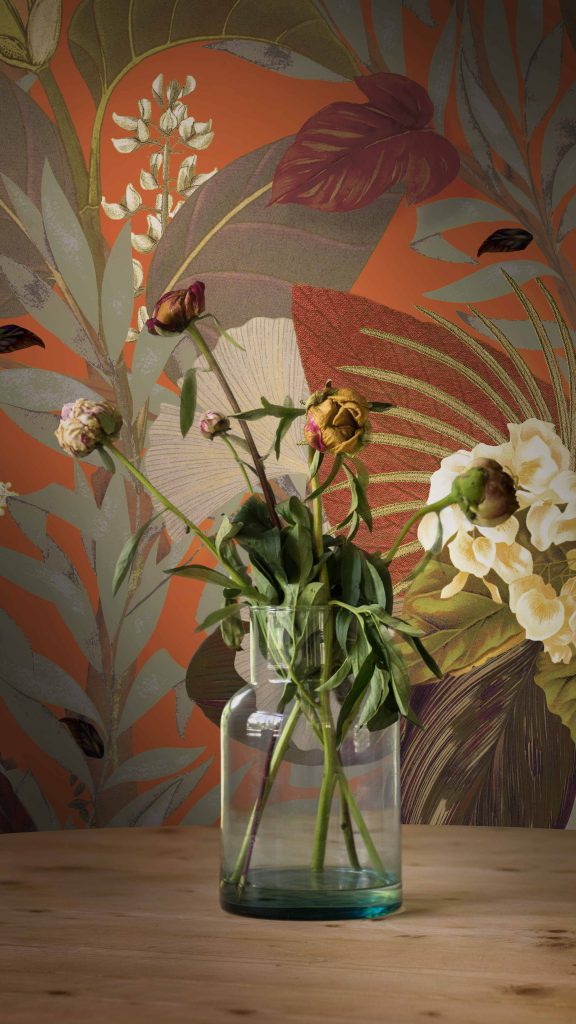 Styled interior detail featuring The Rowan wallcover with decorative flowers and contemporary accessories.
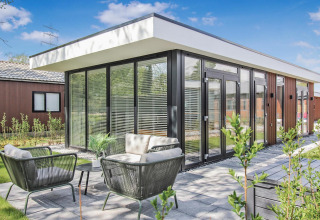 Lodge Forest villa moderna con grandes ventanales, terraza y muebles de jardín bajo un cielo despejado.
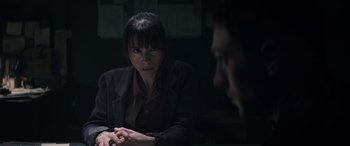 Movie still from “Godzilla” (2014), directed by Gareth Edwards – A woman sitting in front of a man in a dark room; Close Up shot, Over the shoulder angle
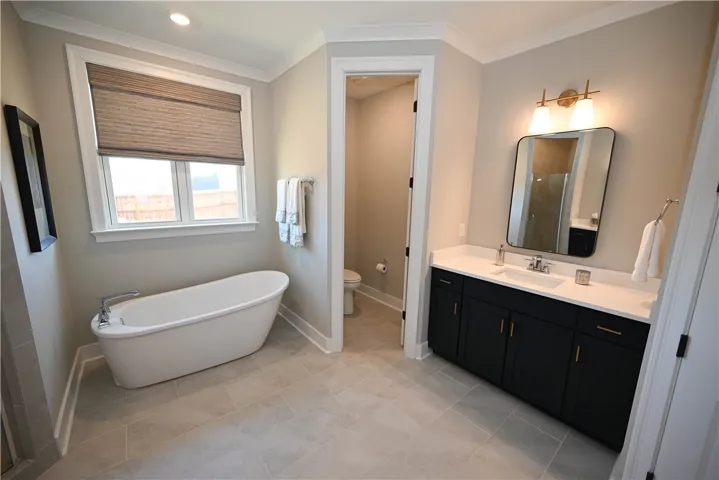 Quartz countertops, tiled shower, and water closet.
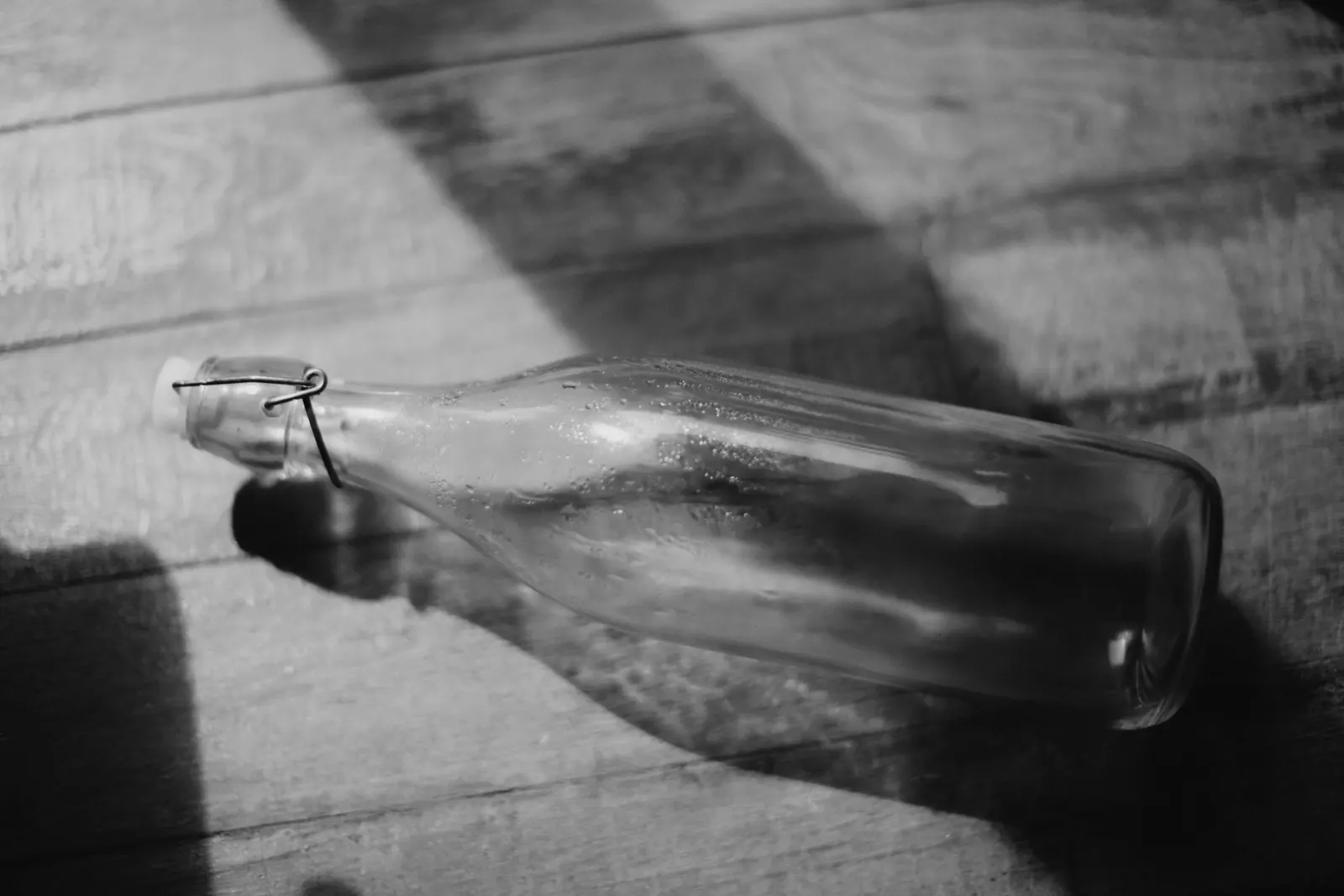 A swing-top glass bottle lying on a wooden floor in sunlight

TASK REQUIREMENTS -
Copy all of the data above exactly. Leave out every picture.

EXERCISE ANSWER -
 Styled interior detail featuring The Rowan wallcover with decorative flowers and contemporary accessories.
 Lodge Forest villa moderna con grandes ventanales, terraza y muebles de jardín bajo un cielo despejado.
 Movie still from “Godzilla” (2014), directed by Gareth Edwards – A woman sitting in front of a man in a dark room; Close Up shot, Over the shoulder angle
 Quartz countertops, tiled shower, and water closet.
 A swing-top glass bottle lying on a wooden floor in sunlight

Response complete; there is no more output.